Where personal data is collected from other sources

Generative AI developers will typically collect personal data from sources other than individuals (for example, via web-scraping). In these cases the right to be informed still applies, as described in Article 14 UK GDPR.

In the context of Article 14, there are exceptions to the right to be informed, for example if it is impossible or would require disproportionate effort to provide the privacy information to each individual whose data has been collected. This is likely to be the case for web-scraped datasets that may relate to millions – if not billions – of individuals.

For web-scraped datasets, the processing of personal data to develop generative AI models is likely to be beyond people’s reasonable expectations at the time they provided data to a website. For example, someone writing a post in 2020 about a visit to their doctor won’t expect that data to be scraped in 2024 to train a generative AI model. In some cases, people will not even be aware of information that has been posted or leaked about them online.

Generative AI developers seeking to apply Article 14 exceptions still must take appropriate measures to protect individuals’ rights and freedoms, including by making privacy information publicly available. This includes:

  • Publishing specific, accessible information on the sources, types and categories of personal data used to develop the model. Vague statements around data sources (eg just ‘publicly accessible information’) are unlikely to help individuals understand whether their personal data may be part of the training dataset or who the initial controller is likely to be.
  • Publishing specific, accessible explanations of the purposes for which personal data is being processed (see our previous consultation on purpose limitation) and the lawful basis for the processing (see our previous consultation on lawful bases). This should be sufficient to enable individuals to have a meaningful understanding and clear expectations of what happens to their data. Where the lawful basis is legitimate interests, organisations must state the specific interests being pursued.
  • Providing prominent, accessible mechanisms for individuals to exercise their rights, including the right of access and the rights to rectification, to erasure, to restriction of processing and to object to processing.

We invite views on what further measures generative AI developers should take to safeguard individuals’ rights and freedoms. For example, developers could apply privacy-enhancing technologies or other pseudonymisation techniques to limit the identifiability of the data being processed.

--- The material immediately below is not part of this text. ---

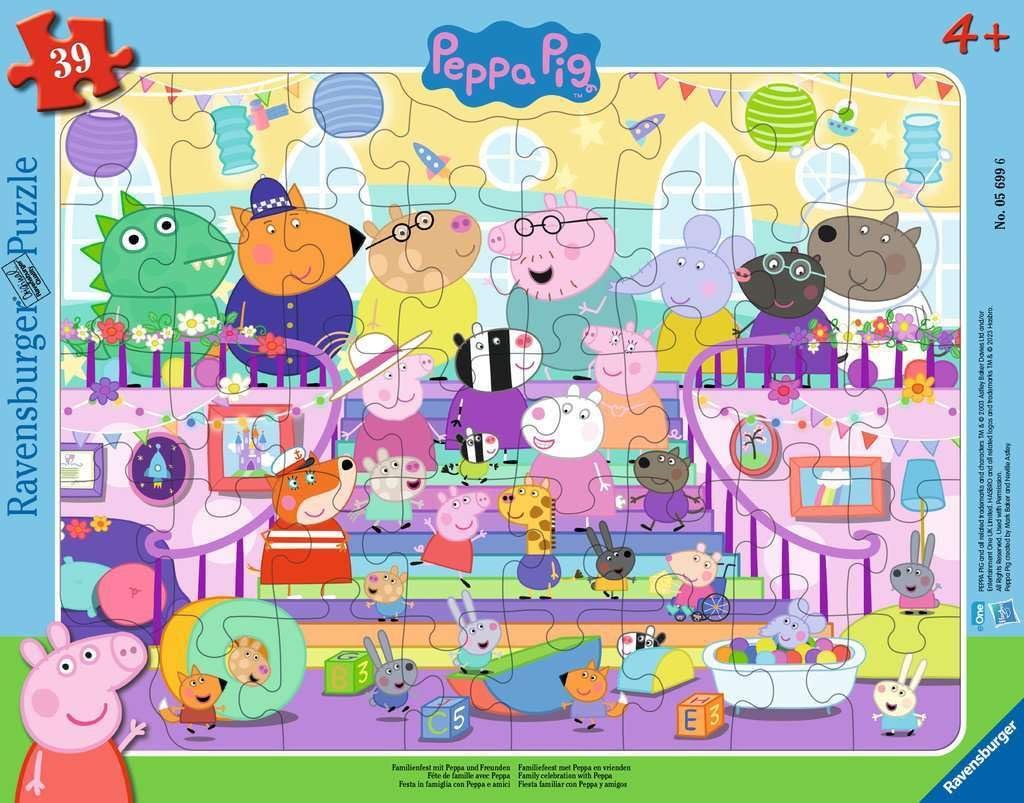 Пазл-рамка Ravensburger Children's Puzzle Peppa Pig 05699 Family Party with Peppa and Friends 39 деталей от 4 лет, фото №1 Пазл-рамка Ravensburger Children's Puzzle Peppa Pig 05699 Family Party with Peppa and Friends 39 деталей от 4 лет, фото №1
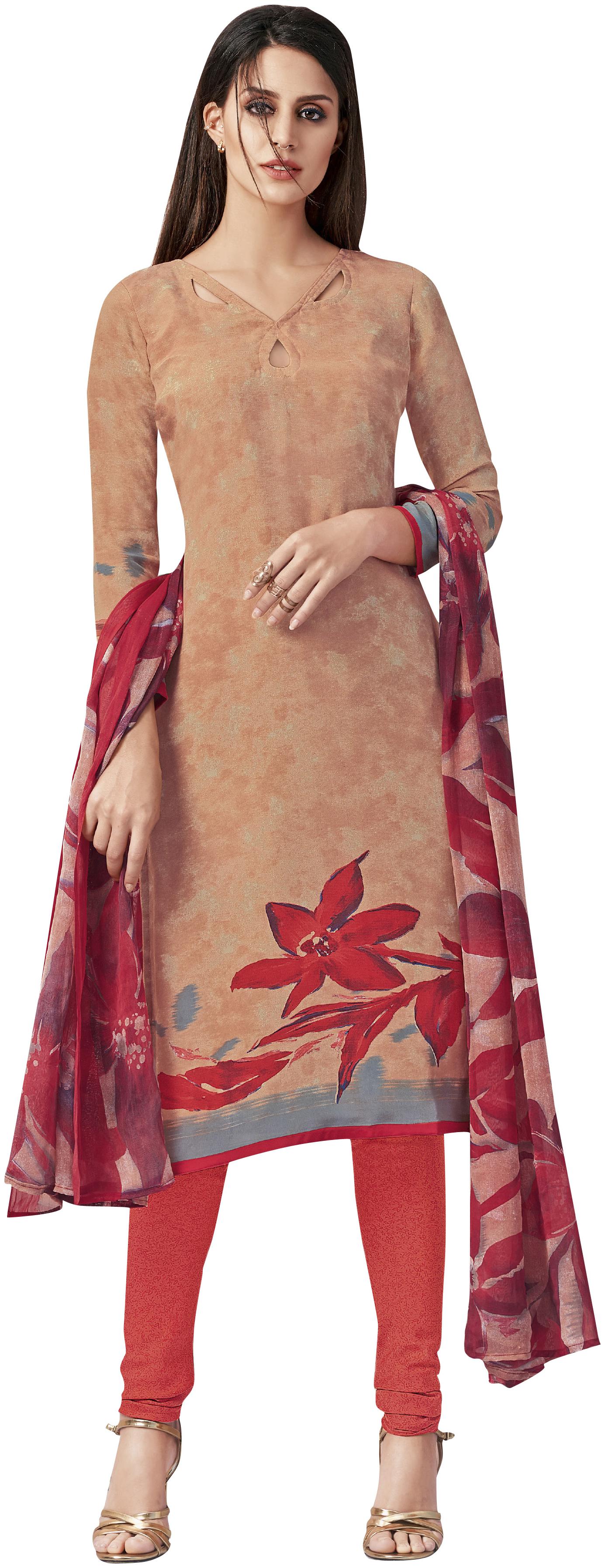 

Viva N Diva Beige Color Leon Crepe Printed Dress Material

Resource or expense requirements should be factored into business decisions from the very start, in particular in light of the requirement to apply a data protection by design and by default approach that ensures data protection principles are implemented effectively – including transparency, fairness and accountability.

The right of access

People have a right of access to a copy of the personal data held about them. We expect developers to have accessible, clear, easy-to-use, documented and evidenced methods to facilitate and respond to these requests regardless of whether they relate to data used in training, fine-tuning or deployment.

If developers argue they are not able to respond to requests because they cannot identify individuals (in the training data or anywhere else), the law requires them to explain this to the individual who has made the request, and demonstrate why this is the case if possible. 2  The individual can then decide if they want to provide additional information for facilitating the identification as per Article 11(2).

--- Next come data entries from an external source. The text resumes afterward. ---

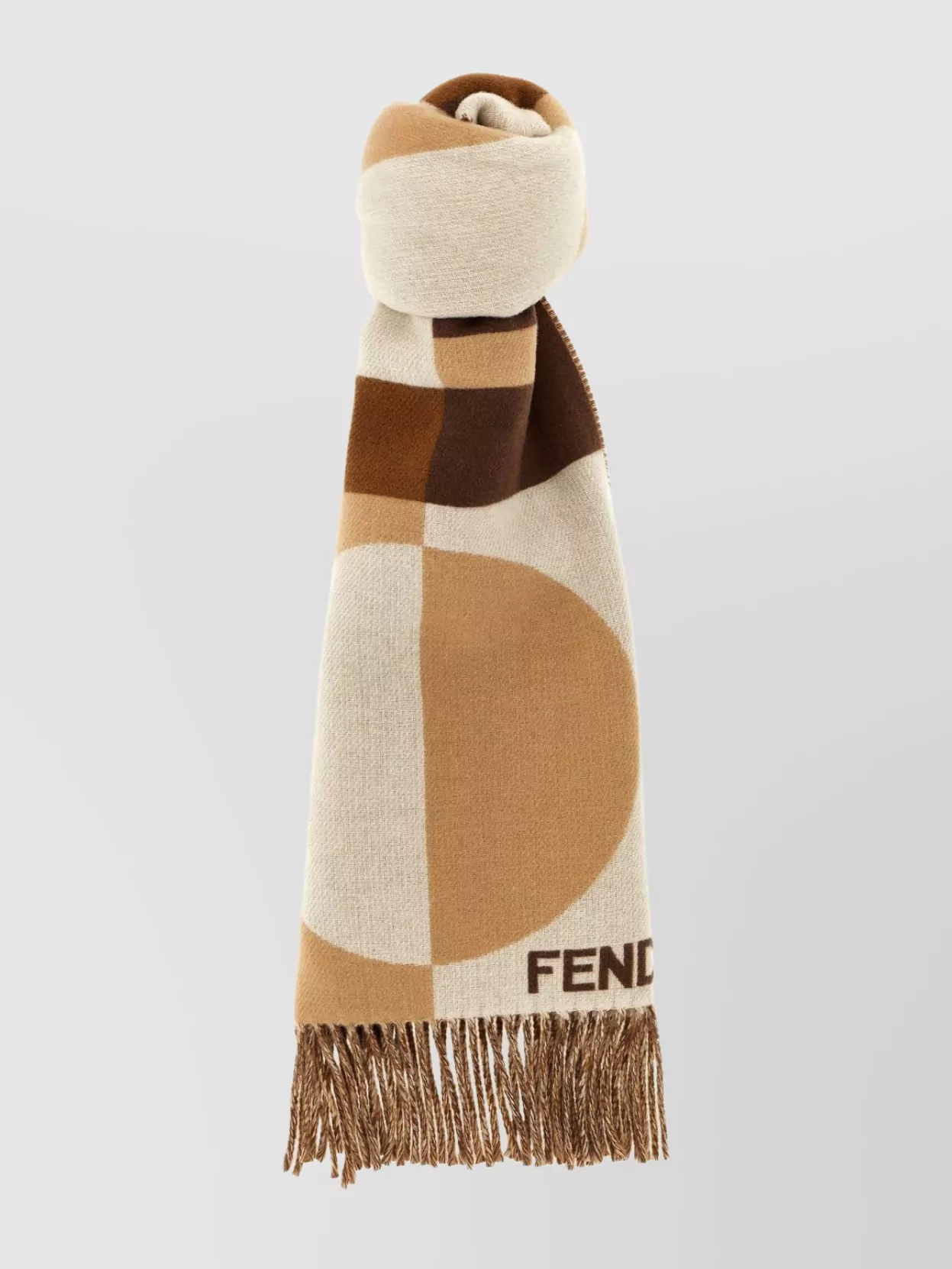 Fendi Geometric Pattern Cashmere Wool Fringe Scarf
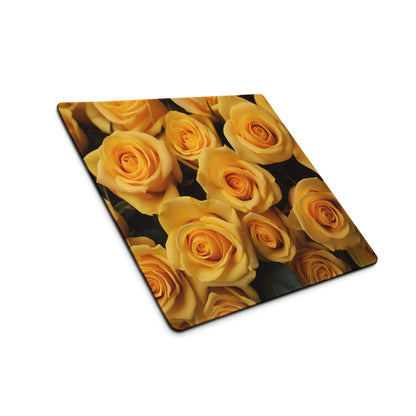 Large yellow rose gaming mouse pad with non-slip base and stitched edges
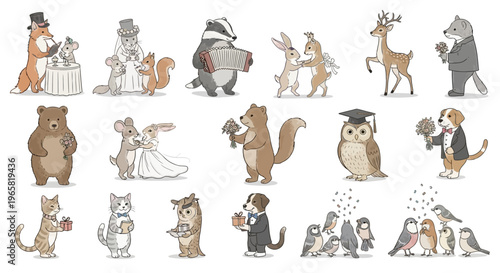 Collection of anthropomorphic forest animals attend various charming.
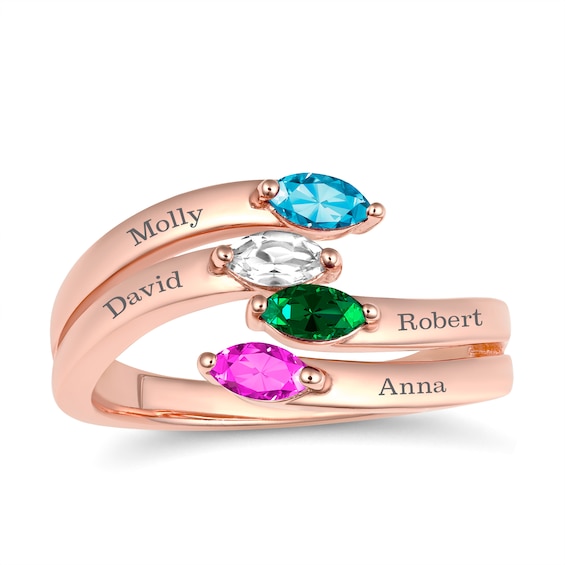 Birthstone Family & Mother's Ring (2-4 Stones and Lines)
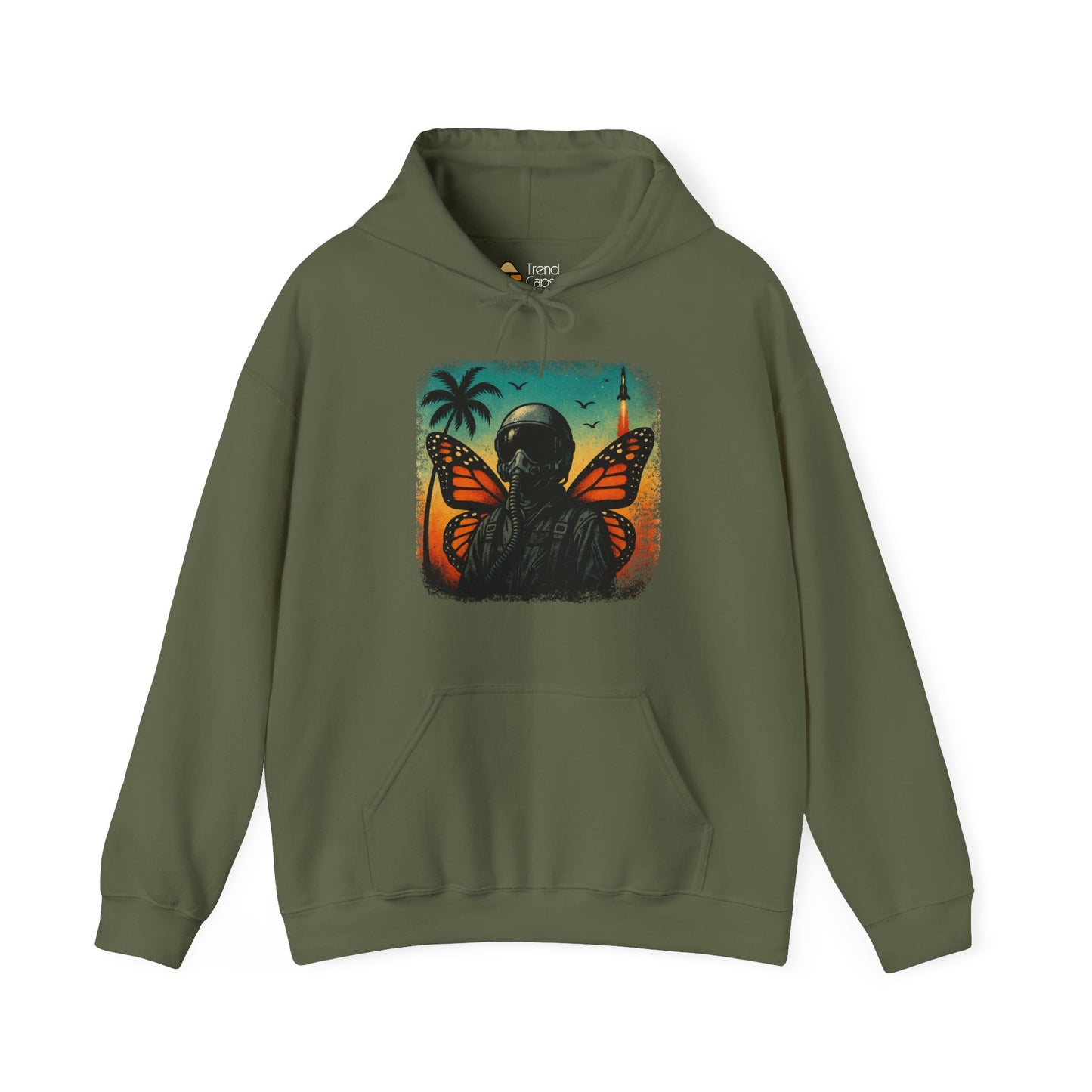 Vintage Jetfighter Summer Butterfly Heavy Hoodie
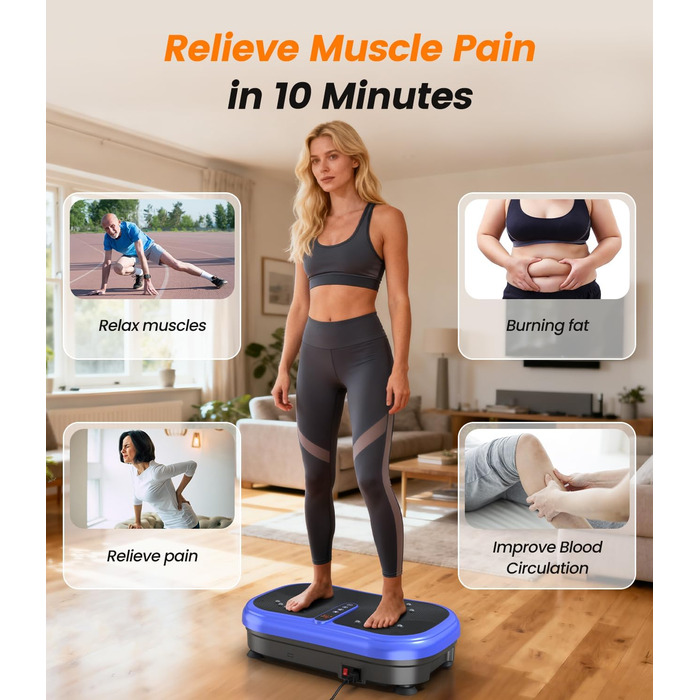 Вібраційна платформа для фітнесу 200W з пультом, 120 рівнів, ультразвук & гумові ніжки – для домашніх тренувань, підтяжки м'язів та відновлення, ідеально для жінок та літніх людей (Блакитна)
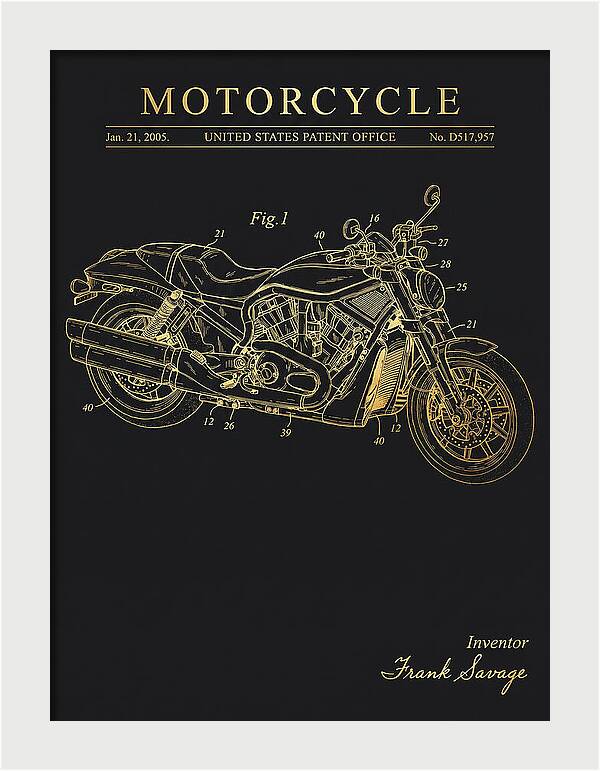 Motorcycle Harley V Rod Gold Patent Usd517957s1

In more detail – ICO guidance

Rights to erasure, to rectification, to restriction of processing and to object to processing

In certain circumstances, people have rights to object to the processing of their personal data, to restrict its processing and to obtain its rectification or erasure. Our guidance on individual rights explains when these apply.

When people want to exercise their right to object or to rectification, their requests should be addressed within one month (or three months if an extension is necessary) and in a verifiable manner. We would welcome evidence on how these requests are being respected in practice. We are keen to hear people’s experiences of exercising their rights to object or rectify their data.

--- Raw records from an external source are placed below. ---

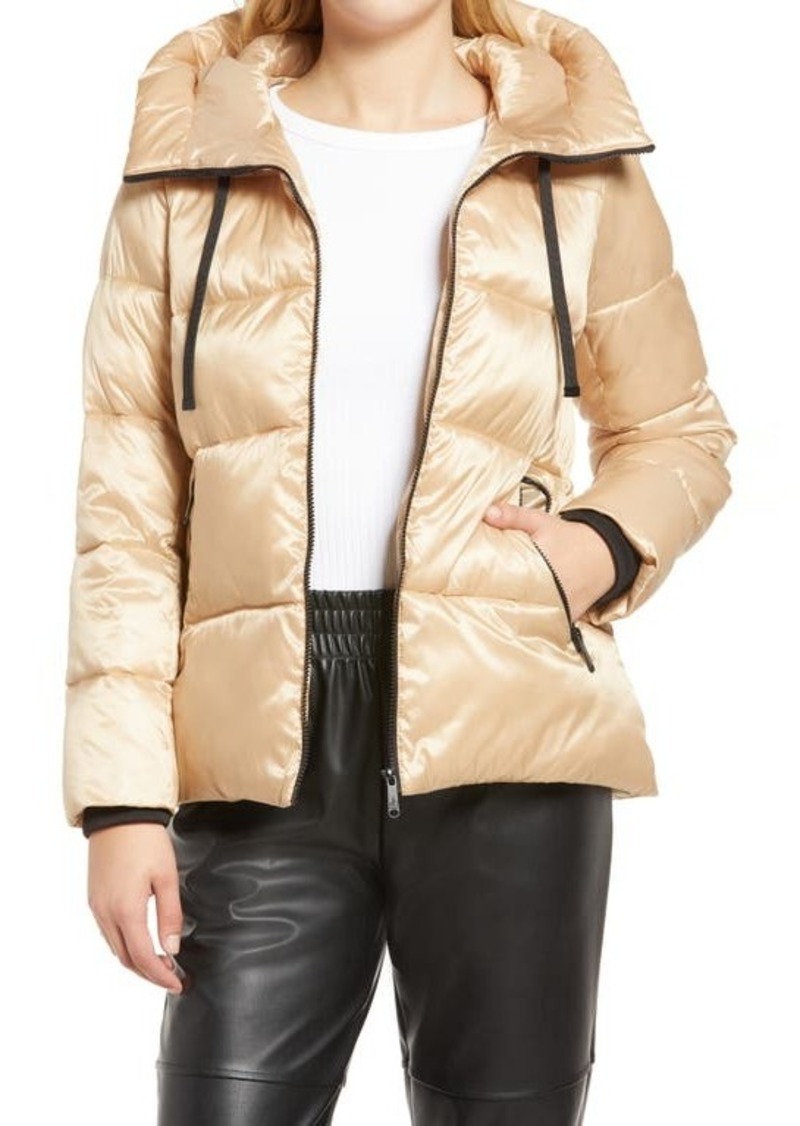 Iridescent Water Repellent Hooded Puffer Jacket in Cashmere Beige at ...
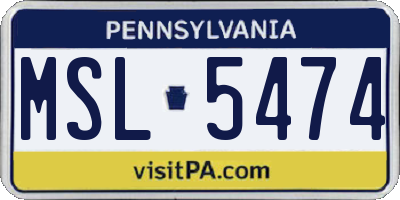PA license plate MSL5474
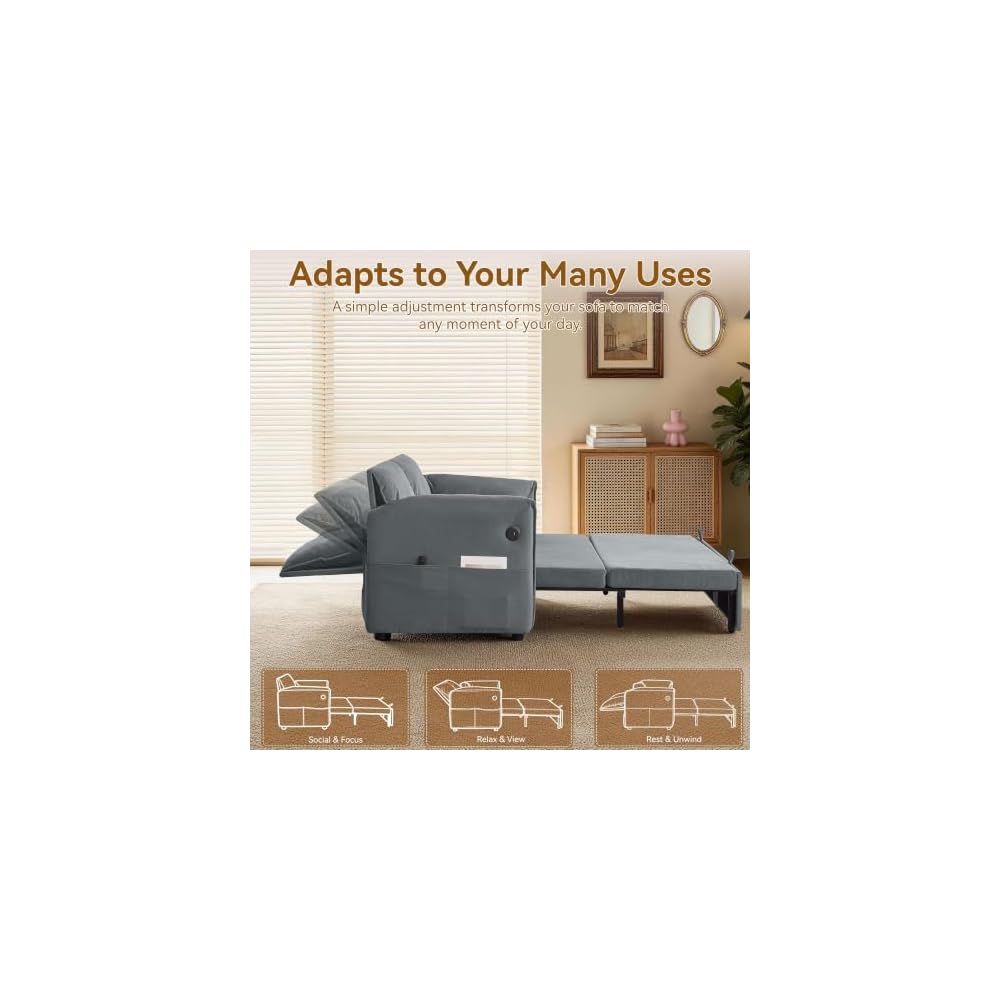 63" 3-in-1 Grey Velvet Convertible Sleeper Sofa Bed, Adjustable Backrest Pull Out Loveseat with USB & Side Pocket for Small Spaces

Generative AI developers need to be able to apply these rights to the processing of all personal data, from the training data through to model outputs. This may be challenging as generative AI models present memorisation issues 3 which reflect the fact that during training these models do not just parse personal data like traditional software but retain its imprints (as they need to ‘learn’). This is one of the reasons they can unintentionally output sections of the training data they have ‘memorised’ without being explicitly asked.

Many developers use input and output filters to mitigate the risk that a generative AI model outputs personal data. Input filters are processing techniques that may be used to detect and amend specific user prompts, whereas output filters are processing techniques that may be used to detect and amend specific model outputs. We invite views on whether input and output filters are a sufficient mechanism for enacting people’s rights. We are interested in evidence of the efficacy of these measures 4 and are keen to hear about alternative approaches to suppressing or removing personal data from a trained generative AI model, in particular approaches such as “machine unlearning”. 5

Where groups of individuals exercise these rights (for example, a specific community of people), generative AI developers will also need to consider the implications for the fairness and statistical accuracy of the model itself and put mitigation measures in place. We invite views on what mitigation measures should be in place where groups of individuals exercise their rights. We are interested in receiving evidence on relevant approaches.

Deployment stage

A variety of organisations are involved in the generative AI supply chain, from organisations supplying datasets, to developers training models, to companies deploying them. This supply chain includes a variety of processing operations, from data collection to training, to producing inferences.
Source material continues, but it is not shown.